For centuries, it was cultivated the ancient way by communities who could barely scrape a living on the edge of the salt flats that stretch their sterile canvas between mountain peaks. Now, for the first time ever, those communities can afford to send some of their children to college. Elsewhere, other groups are rediscovering the ancient art of growing quinoa, occasionally with the help of Western organizations and individuals, supplementing their diet with this super-food while reaping the bounties of the expanding global market.

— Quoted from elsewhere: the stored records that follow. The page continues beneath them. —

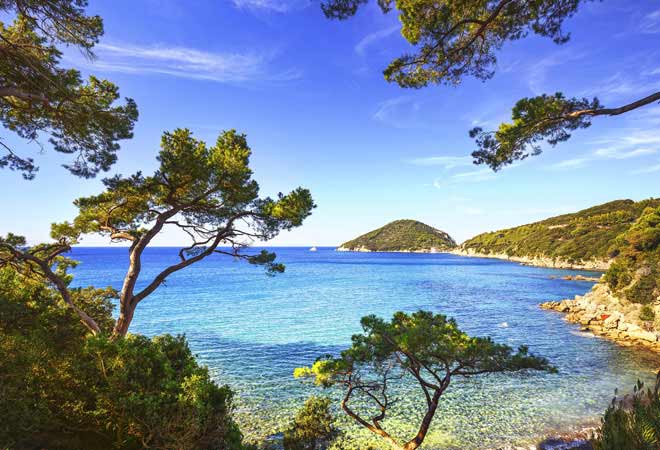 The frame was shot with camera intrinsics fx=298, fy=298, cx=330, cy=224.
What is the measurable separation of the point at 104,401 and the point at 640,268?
42.4m

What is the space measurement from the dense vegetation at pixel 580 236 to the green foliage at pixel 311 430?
261 feet

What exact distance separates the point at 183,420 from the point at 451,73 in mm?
11142

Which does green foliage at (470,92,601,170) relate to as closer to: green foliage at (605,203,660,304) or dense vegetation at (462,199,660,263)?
green foliage at (605,203,660,304)

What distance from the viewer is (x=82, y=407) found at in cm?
607

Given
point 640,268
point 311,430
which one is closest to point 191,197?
point 311,430

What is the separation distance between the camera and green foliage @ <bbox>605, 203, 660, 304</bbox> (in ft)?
88.0

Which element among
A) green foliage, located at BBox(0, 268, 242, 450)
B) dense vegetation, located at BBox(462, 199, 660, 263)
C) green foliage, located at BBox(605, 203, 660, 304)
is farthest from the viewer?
dense vegetation, located at BBox(462, 199, 660, 263)

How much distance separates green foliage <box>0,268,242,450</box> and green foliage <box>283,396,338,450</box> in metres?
4.66

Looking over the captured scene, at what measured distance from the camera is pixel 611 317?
2722cm

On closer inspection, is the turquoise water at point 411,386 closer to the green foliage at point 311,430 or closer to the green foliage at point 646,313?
the green foliage at point 311,430

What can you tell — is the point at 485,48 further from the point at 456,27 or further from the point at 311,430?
the point at 311,430

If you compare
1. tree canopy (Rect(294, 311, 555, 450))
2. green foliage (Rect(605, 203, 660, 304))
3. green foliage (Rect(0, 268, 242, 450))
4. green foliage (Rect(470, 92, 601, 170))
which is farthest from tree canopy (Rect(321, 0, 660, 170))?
green foliage (Rect(605, 203, 660, 304))

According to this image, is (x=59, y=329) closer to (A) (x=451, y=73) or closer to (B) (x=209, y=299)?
(A) (x=451, y=73)

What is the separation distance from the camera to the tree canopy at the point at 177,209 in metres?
10.5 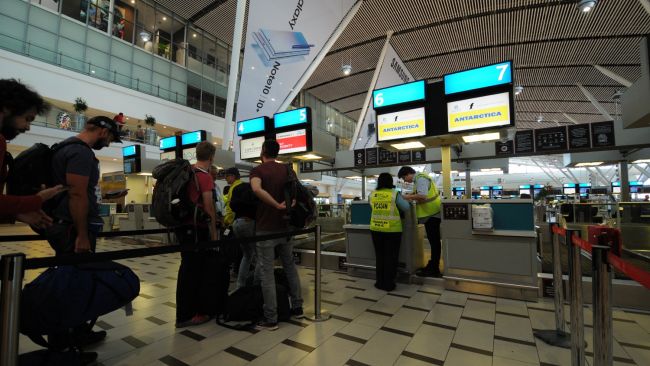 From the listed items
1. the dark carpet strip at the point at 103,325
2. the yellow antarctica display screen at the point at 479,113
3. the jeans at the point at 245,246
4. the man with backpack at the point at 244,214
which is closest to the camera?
the dark carpet strip at the point at 103,325

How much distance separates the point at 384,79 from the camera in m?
12.5

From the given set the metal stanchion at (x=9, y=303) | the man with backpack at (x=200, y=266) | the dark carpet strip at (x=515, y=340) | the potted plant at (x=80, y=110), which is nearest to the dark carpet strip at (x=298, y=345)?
the man with backpack at (x=200, y=266)

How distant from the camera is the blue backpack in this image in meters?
1.54

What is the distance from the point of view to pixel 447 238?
4.11 m

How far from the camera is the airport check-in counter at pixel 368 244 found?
4.47 meters

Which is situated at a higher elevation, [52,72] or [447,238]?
[52,72]

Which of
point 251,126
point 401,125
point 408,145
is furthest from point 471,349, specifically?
point 251,126

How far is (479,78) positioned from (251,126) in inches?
170

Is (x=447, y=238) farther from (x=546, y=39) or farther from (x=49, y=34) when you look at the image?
(x=49, y=34)

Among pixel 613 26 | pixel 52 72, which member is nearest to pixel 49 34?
pixel 52 72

Interestingly enough, quinoa growers seem to be relatively protected from business predators, Peruvian smugglers notwithstanding. “Quinoa fetches a guaranteed high price affording farmers economic stability. This economic power has also translated into political power though producers’ associations and cooperatives,” writes Emma Banks, of The Andean Information Network. “Since the 1970s, these organizations have worked toward greater producer control of the market, spurring other political actions such as blockades and protests for greater economic and environmental rights in quinoa-growing regions.” (my emphasis) It’s also worth noting that, given its ecological profile, quinoa does not lend itself to large-scale intensive farming, remaining the exclusive prerogative of small farmers so far. In that context, distributors have developed trusted relationships with their suppliers, building their business on a model that aims to revitalize and sustain local communities. American company Inca Organics has done so in Ecuador. French fair-trade importer Alter Eco, among others, has been working with growers in Bolivia. It remains to be seen whether their values will be upheld as the growth of the market lures big players in the game.

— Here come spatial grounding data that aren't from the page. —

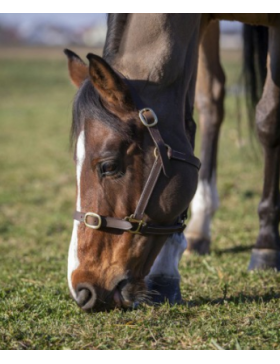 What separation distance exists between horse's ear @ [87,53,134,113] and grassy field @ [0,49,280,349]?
3.30 ft

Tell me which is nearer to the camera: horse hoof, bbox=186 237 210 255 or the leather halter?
the leather halter

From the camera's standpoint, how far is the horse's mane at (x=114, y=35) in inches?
127

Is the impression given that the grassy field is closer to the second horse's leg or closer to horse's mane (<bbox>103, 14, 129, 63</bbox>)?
the second horse's leg

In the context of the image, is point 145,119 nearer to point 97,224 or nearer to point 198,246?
point 97,224

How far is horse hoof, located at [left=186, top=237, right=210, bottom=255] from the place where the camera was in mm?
4914

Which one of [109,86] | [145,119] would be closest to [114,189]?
[145,119]

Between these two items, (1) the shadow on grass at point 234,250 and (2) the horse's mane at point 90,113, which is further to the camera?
(1) the shadow on grass at point 234,250

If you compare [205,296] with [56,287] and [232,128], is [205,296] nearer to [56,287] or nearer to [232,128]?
[56,287]

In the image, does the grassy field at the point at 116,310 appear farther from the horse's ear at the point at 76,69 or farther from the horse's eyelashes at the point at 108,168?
the horse's ear at the point at 76,69

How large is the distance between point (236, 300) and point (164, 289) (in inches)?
15.7

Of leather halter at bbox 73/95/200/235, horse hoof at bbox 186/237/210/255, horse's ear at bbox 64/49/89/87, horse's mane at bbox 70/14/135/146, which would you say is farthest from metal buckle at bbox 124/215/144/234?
horse hoof at bbox 186/237/210/255

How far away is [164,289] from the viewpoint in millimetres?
3342

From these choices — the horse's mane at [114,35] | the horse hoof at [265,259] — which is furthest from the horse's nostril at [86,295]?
the horse hoof at [265,259]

Now, what about reports that Bolivians can’t afford quinoa anymore because of the price inflation caused by the explosion in global demand? There’s a lot of anecdotal evidence that makes me cringe. I, the wealthy consumer in the North, haven’t failed to notice that the price of quinoa more than doubled since I started buying it over five years ago. I haven’t reduced my consumption however. Now, should I quit, and encourage everyone I know to do the same so as to alleviate the pressure on demand, hence on price, that affects consumers in the countries of production?

I don't think you should stop eating quinoa. From all that I've read, overall it has been good for quinoa growers.
On a side note, quinoa is good for you, but enough with this crap of the "miracle food" or the perfect substitute for this and that. It really became a big fad. It's not like any of us will be malnourished unless we eat quinoa.